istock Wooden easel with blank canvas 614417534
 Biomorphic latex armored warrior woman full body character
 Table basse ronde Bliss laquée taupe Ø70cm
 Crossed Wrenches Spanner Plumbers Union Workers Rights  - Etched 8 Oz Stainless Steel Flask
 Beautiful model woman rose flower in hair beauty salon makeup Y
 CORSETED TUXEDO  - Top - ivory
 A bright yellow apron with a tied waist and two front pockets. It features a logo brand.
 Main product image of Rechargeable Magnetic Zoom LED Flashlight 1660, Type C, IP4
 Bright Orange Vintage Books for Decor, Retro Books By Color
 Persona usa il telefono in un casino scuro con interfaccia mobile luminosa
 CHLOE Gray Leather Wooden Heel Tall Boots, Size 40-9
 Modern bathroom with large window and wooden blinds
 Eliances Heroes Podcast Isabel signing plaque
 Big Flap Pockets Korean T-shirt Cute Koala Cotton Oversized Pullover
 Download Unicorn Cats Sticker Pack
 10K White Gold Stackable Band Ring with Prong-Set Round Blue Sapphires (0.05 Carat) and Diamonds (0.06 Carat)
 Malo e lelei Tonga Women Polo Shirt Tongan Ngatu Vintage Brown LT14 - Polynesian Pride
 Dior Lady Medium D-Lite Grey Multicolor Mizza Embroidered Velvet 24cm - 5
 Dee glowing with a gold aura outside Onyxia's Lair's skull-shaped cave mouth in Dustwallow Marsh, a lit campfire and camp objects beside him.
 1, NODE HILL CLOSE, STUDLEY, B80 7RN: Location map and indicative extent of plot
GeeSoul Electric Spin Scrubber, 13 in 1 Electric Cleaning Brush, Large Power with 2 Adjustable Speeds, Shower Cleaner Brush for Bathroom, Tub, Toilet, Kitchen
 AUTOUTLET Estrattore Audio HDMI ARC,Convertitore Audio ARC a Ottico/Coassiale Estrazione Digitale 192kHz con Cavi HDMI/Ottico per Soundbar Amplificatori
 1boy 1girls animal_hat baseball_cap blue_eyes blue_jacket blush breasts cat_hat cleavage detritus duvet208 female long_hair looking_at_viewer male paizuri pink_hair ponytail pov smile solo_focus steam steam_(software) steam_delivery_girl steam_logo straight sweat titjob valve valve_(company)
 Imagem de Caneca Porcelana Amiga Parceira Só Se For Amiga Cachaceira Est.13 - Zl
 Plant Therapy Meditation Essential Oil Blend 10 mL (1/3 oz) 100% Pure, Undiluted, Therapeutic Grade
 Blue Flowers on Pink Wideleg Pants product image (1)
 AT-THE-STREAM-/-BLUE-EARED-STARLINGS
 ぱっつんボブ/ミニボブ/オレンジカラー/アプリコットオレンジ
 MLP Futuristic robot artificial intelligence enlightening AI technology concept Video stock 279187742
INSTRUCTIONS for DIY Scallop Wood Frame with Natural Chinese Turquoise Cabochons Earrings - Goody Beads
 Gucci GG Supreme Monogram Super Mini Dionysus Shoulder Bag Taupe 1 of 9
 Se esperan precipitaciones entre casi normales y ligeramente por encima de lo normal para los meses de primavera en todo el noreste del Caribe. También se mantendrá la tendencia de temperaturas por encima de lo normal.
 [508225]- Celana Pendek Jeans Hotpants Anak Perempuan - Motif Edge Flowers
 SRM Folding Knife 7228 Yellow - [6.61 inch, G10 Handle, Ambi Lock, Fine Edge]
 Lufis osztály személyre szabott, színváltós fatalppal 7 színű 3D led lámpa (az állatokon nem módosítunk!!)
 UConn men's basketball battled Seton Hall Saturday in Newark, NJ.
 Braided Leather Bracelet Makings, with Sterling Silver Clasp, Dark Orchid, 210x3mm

§ §

#### PROBLEM REQUIREMENTS:
Provide the count of lines holding the word "woman" in these entries, and no other words.

#### ANSWER BOX:
2